What will Google’s ‘carousel’ mean for local search?

Last week, Google’s “carousel” search feature has appeared for more searches. It looks like it is still being tested, but this already looks like a powerful feature for local search. We’ve included lots of links to screenshots in this post to help you better understand what’s going on.

Carousel? What’s that?

Instead of appearing in a list, many searches for local business categories now appear in a kind of slide show at the top of the page.

Let’s look at an example. Type, say, “donuts in Chicago” into Google. Notice how all of the local results now appear at the top of the page, while sites that would normally rank higher than local businesses–such as Yelp and Urbanspoon–now appear in a list below. (If you don’t get a carousel when you search, here’s what it looks like.)

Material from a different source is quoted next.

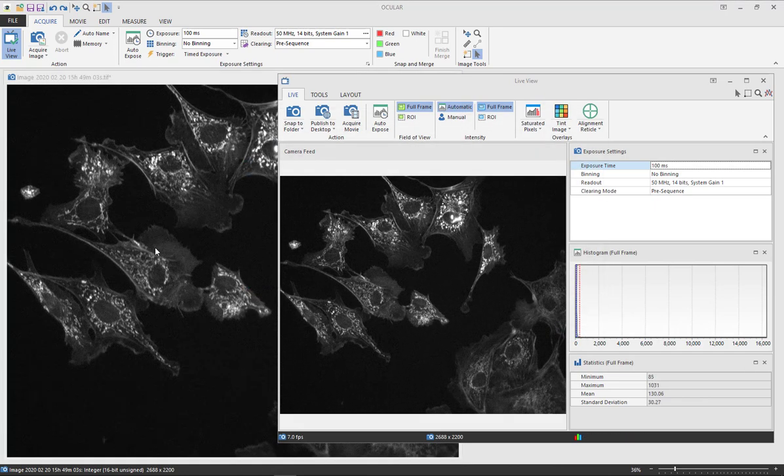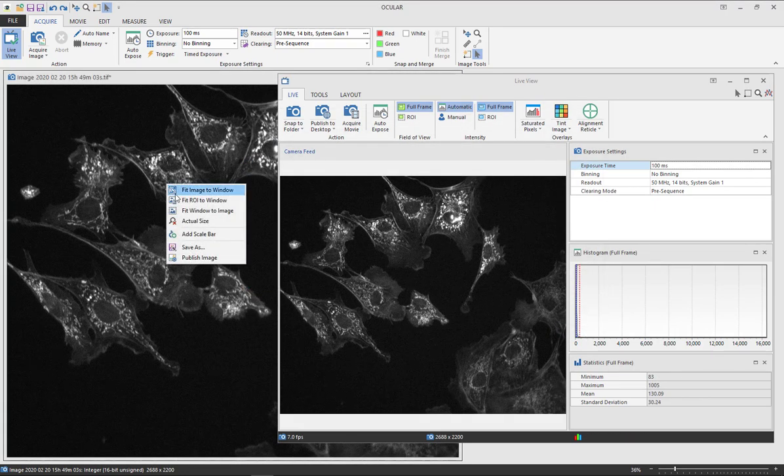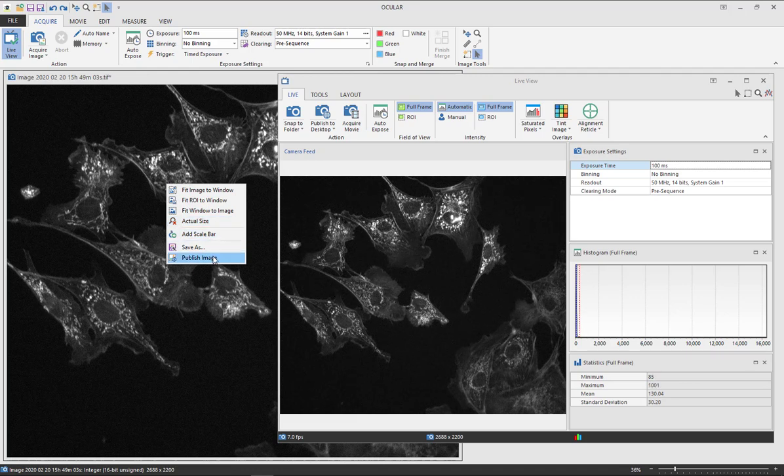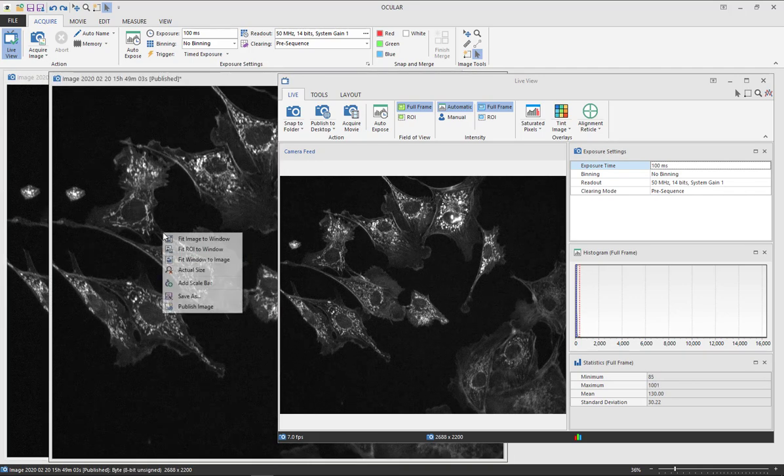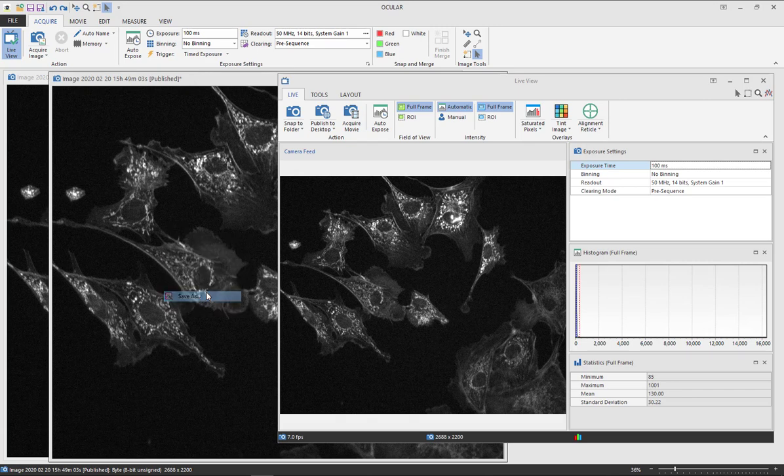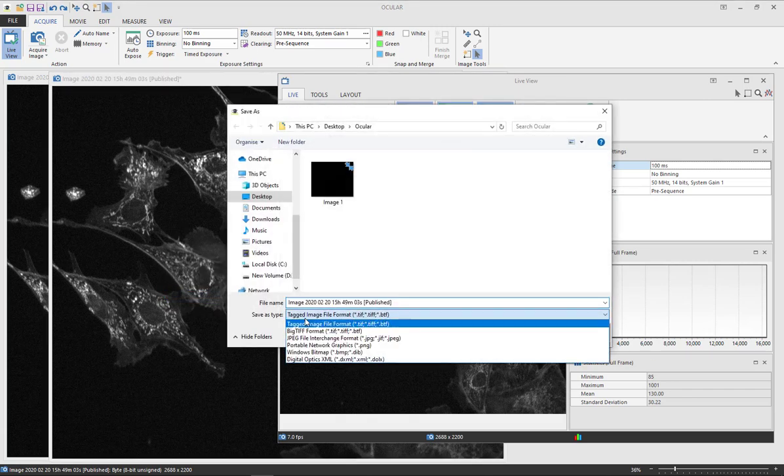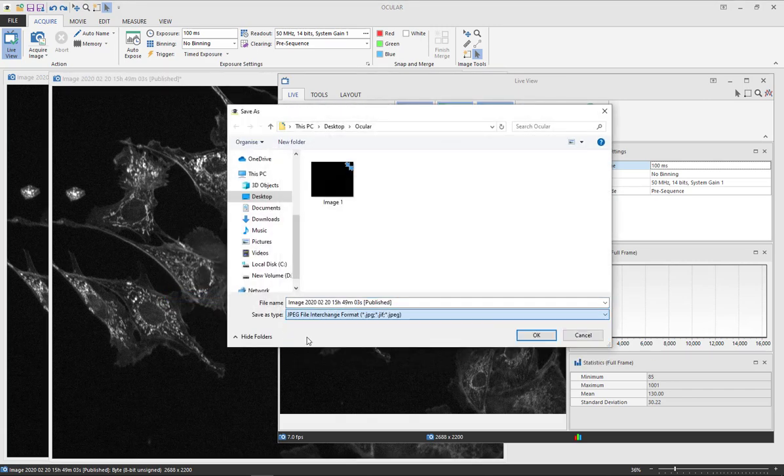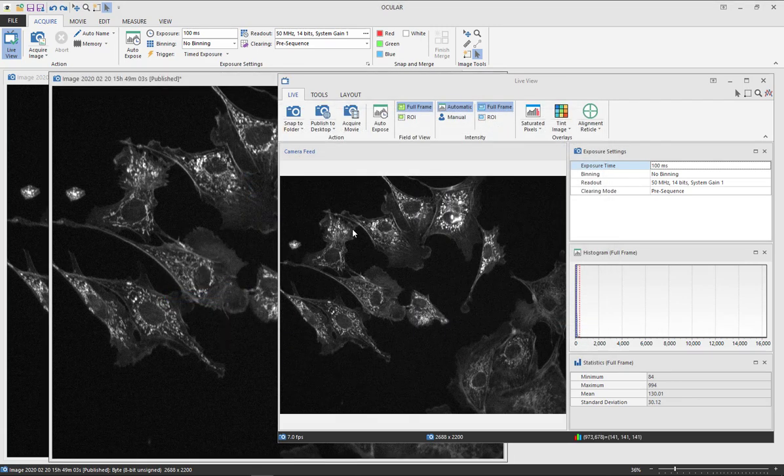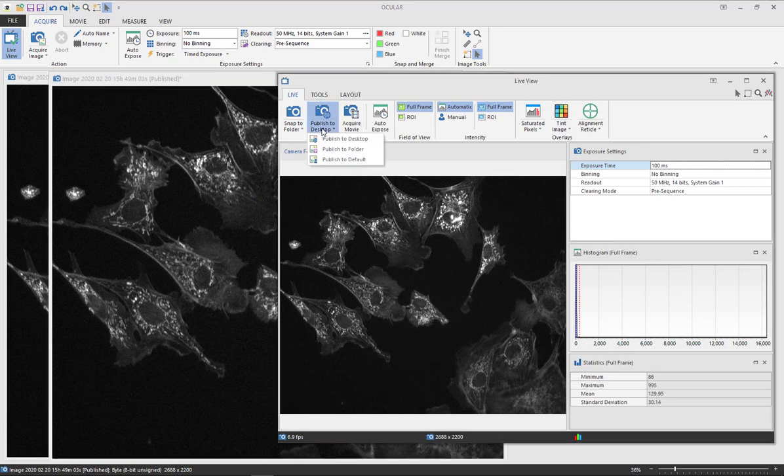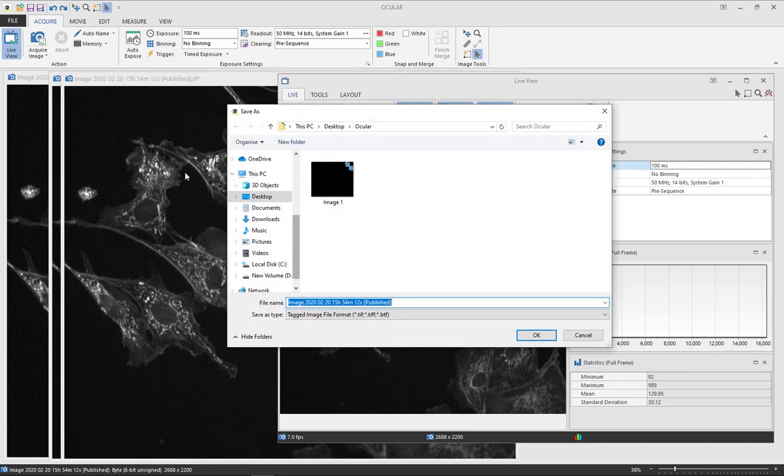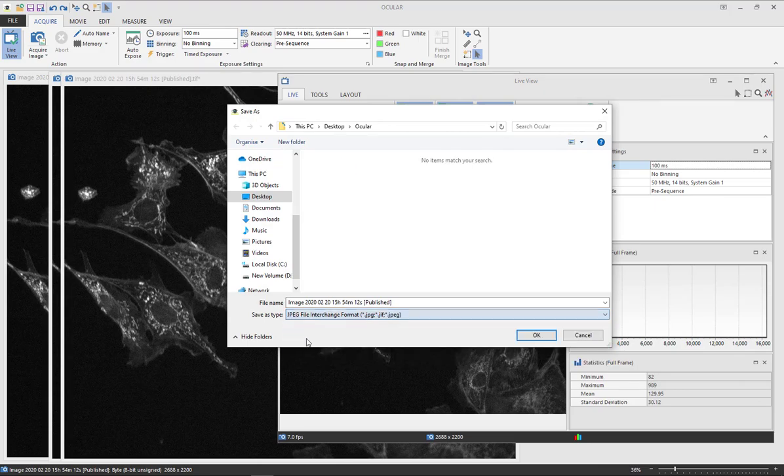If you want to compress your image you can do this by right-clicking on your image and selecting publish image. This will allow you to then save as a JPEG. Again, there is an option to directly publish to a folder and save as a JPEG.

Now, try mousing over a result in the carousel. See how the result is highlighted on the map below? You can use this small map to zoom in or move to another area, which will then affect the carousel’s results. Try zooming in a couple clicks or clicking and dragging the map to see how the results change. Cool, right?

Next, click on a carousel result. This will take you to the search page for that specific business where more details are listed, such as reviews, price range, contact info, etc.

google carousel local search

Clicking on a carousel result alters the entire search

You said this is still in testing. What’s wrong with it?

Honestly, a lot.

1. For starters, the carousel doesn’t seem to appear on all browsers and device types yet. You may have noticed this when you tried the above example.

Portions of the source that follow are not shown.